File synchronization is commonly used for home backups on external hard drives or updating for transport on USB flash drives. BitTorrent Sync, Dropbox, SKYSITE, Nextcloud, OneDrive, Google Drive and iCloud are prominent products. Some backup software also support real-time file sync. The automatic process prevents copying already identical files and thus can be faster and save much time versus a manual copy, and is less error prone.[1] However this suffers from the limit that the synchronized files must physically fit in the portable storage device. Synchronization software that only keeps a list of files and the changed files eliminates this problem (e.g. the "snapshot" feature in Beyond Compare or the "package" feature in Synchronize It!). It is especially useful for mobile workers, or others that work on multiple computers.
It is possible to synchronize multiple locations by synchronizing them one pair at a time. The Unison Manual[2] describes how to do this:
If you need to do this, the most reliable way to set things up is to organize the machines into a "star topology," with one machine designated as the "hub" and the rest as "spokes," and with each spoke machine synchronizing only with the hub. The big advantage of the star topology is that it eliminates the possibility of confusing "spurious conflicts" arising from the fact that a separate archive is maintained by Unison for every pair of hosts that it synchronizes.
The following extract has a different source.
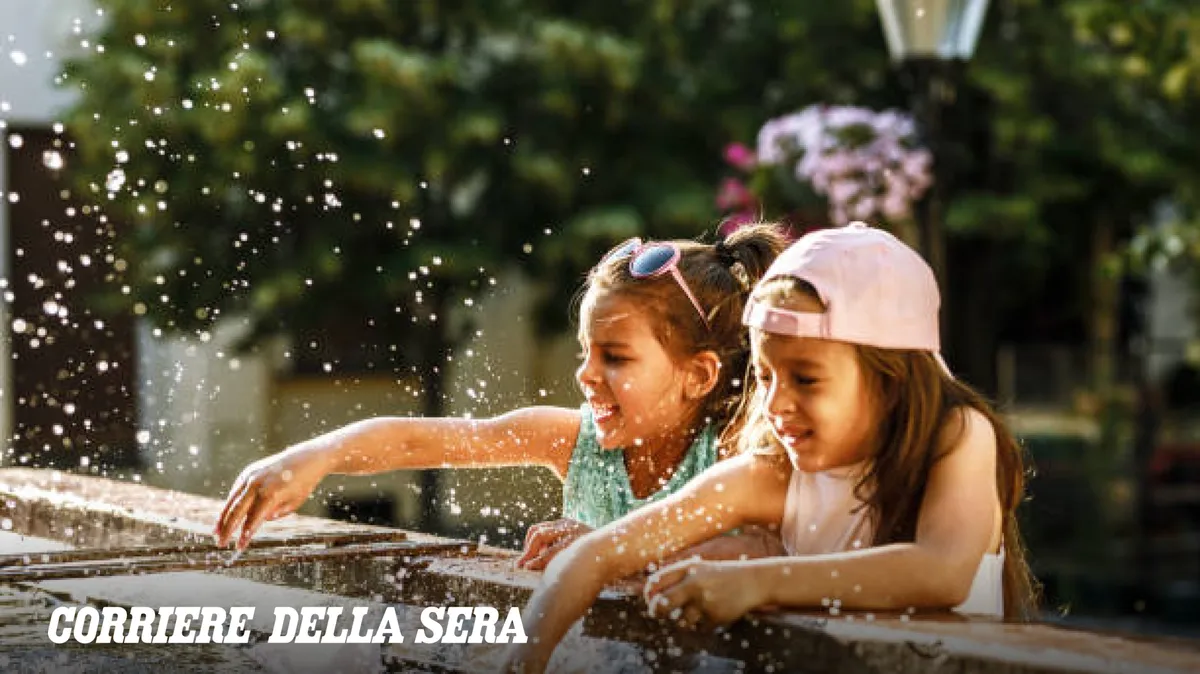 Caldo Estivo: Proteggere i Bambini da Colpi di Calore e Scottature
Conflict detection where a file has been modified on both sources, as opposed to where it has only been modified on one. Undetected conflicts can lead to overwriting copies of the file with the most recent version, causing data loss. For conflict detection, the synchronization software needs to keep a database of the synchronized files. Distributed conflict detection can be achieved by version vectors.
Open Files Support ensures data integrity when copying data or application files that are in-use or database files that are exclusively locked.
Specific support for using an intermediate storage device, such as a removable flash disc, to synchronize two machines. Most synchronizing programs can be used in this way, but providing specific support for this can reduce the amount of data stored on a device.
The ability to preview any changes before they are made.
The ability to view differences in individual files.
Backup between operating systems and transfer between network computers.[3]
Ability to edit or use files on multiple computers or operating systems.
Shared file access involves but should not be confused with file synchronization and other information synchronization. Internet-based information synchronization may, for example, use the SyncML language. Shared file access is based on server-side pushing of folder information, and is normally used over an "always on" Internet socket. File synchronization allows the user to be offline from time to time and is normally based on an agent software that polls synchronized machines at reconnect, and sometimes repeatedly with a certain time interval, to discover differences. Modern operating systems often include a local cache of remote files, allowing offline access and synchronization when reconnected.
Consumer-grade file synchronization solutions are popular, however for business use, they create a concern of allowing corporate information to sprawl to unmanaged devices and cloud services which are uncontrolled by the organization.[citation needed]
When using cloud services, data privacy risks can be mitigated by using a file synchronization solution that features end-to-end encryption instead of simple transport (HTTPS) or at-rest encryption.